About this task
Output begins at the line with "En prisión preventiva" and ends at the last line of the records below. Copy each line in that span exactly, and leave out pictures.

————————

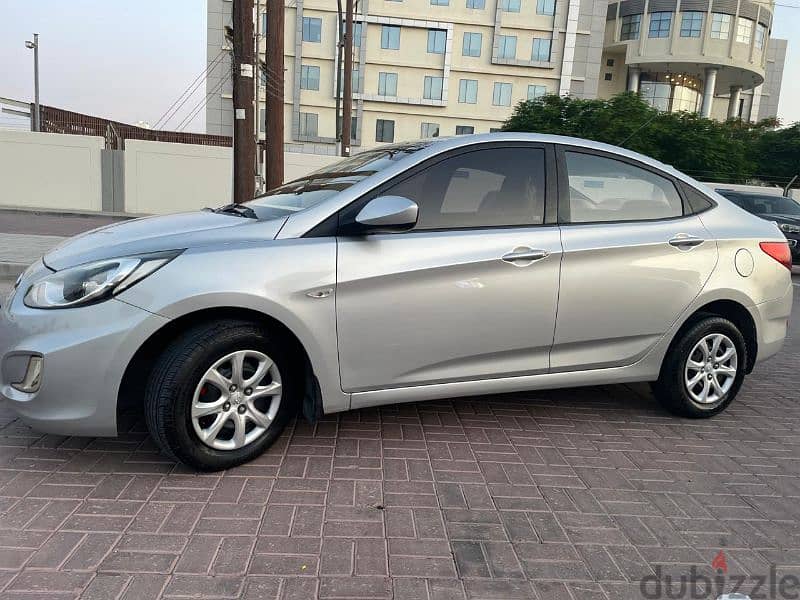 Hyundai accent 1.4 cc excellent conditions net and clean car 2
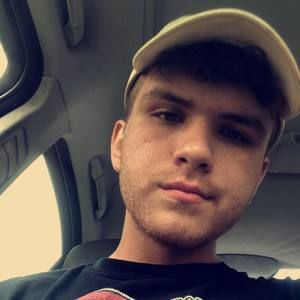 Meet your Posher, Ethan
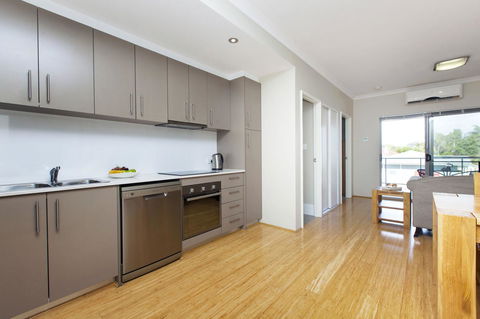 Airport Apartments By Vetroblu - Accommodation Bookings 5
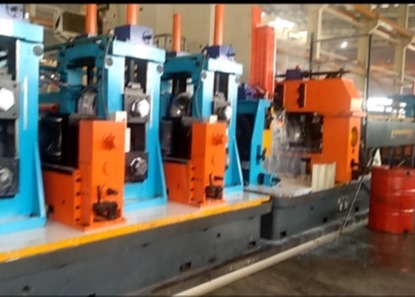 Ligne de production de tubes en acier laminés à froid soudés à 219 mm
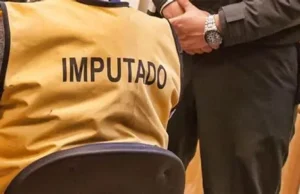 En prisión preventiva quedan dos jóvenes acusados de apuñalar 14 veces a un hombre en Victoria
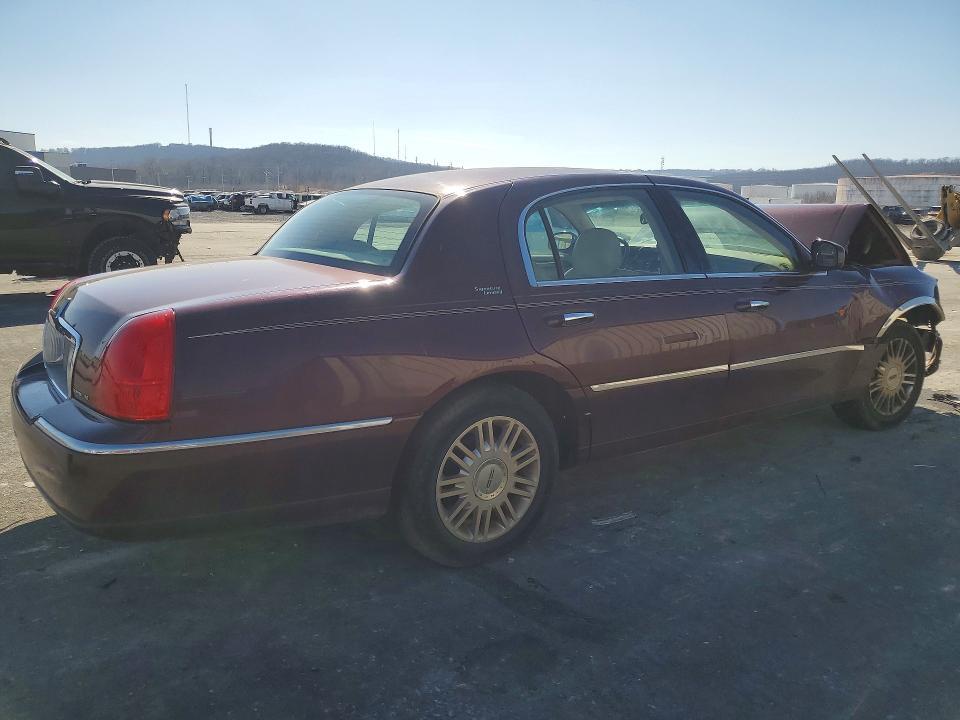 2006 Lincoln Town car Signature Limited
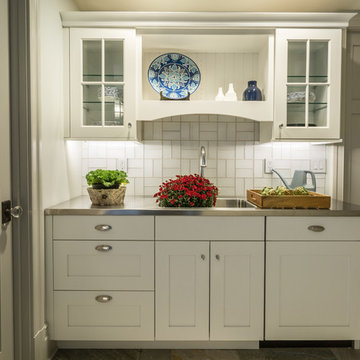 Gardner's Retreat Kitchen, Baths, Laundry & Studio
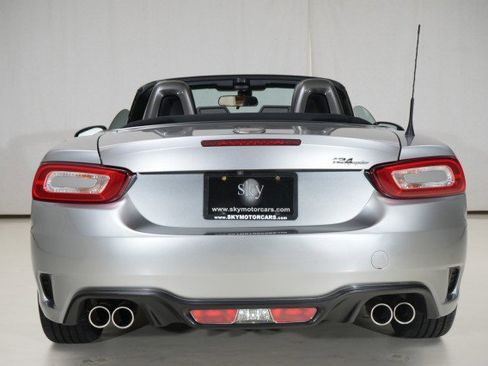 Used 2017 FIAT 124 Spider Abarth image 28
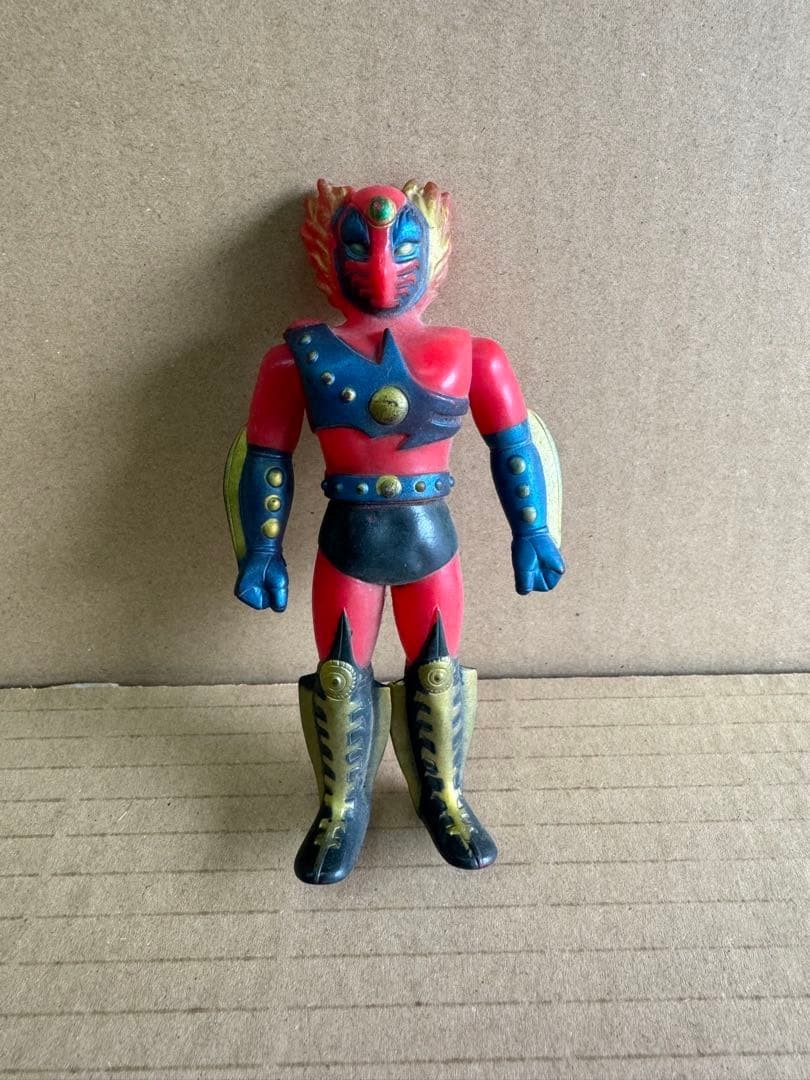 Vintage soft vinyl figure: Yonezawa Pro Wrestling Star Astekaizer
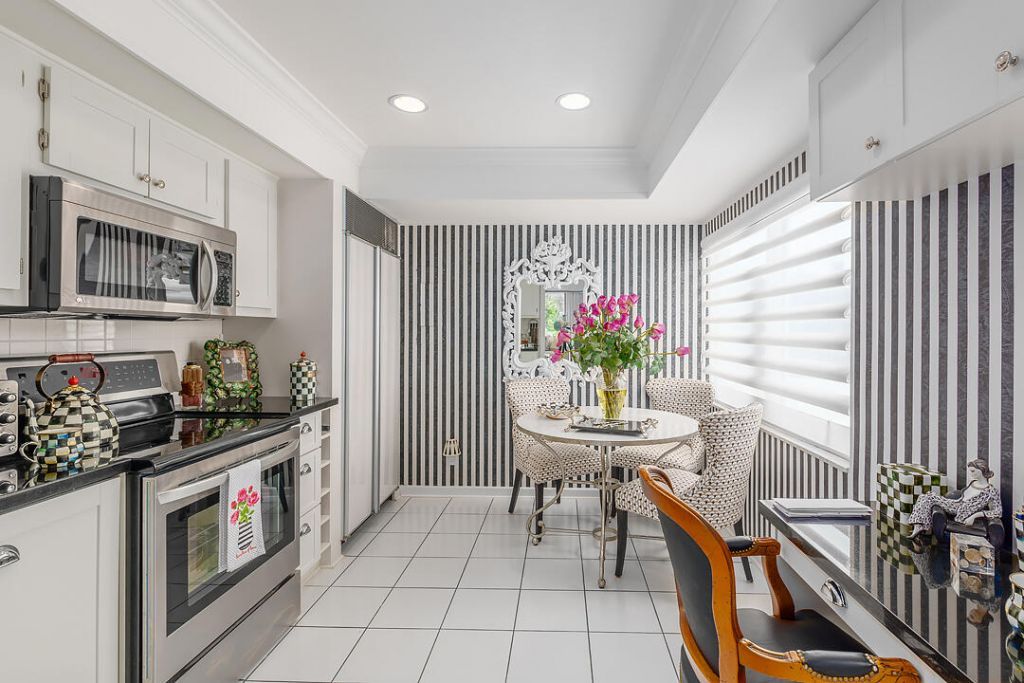 250 Bradley Place, Unit 202, Palm Beach, FL 33480 Photo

————————

Solved problem
 En prisión preventiva quedan dos jóvenes acusados de apuñalar 14 veces a un hombre en Victoria
 2006 Lincoln Town car Signature Limited
 Gardner's Retreat Kitchen, Baths, Laundry & Studio
 Used 2017 FIAT 124 Spider Abarth image 28
 Vintage soft vinyl figure: Yonezawa Pro Wrestling Star Astekaizer
 250 Bradley Place, Unit 202, Palm Beach, FL 33480 Photo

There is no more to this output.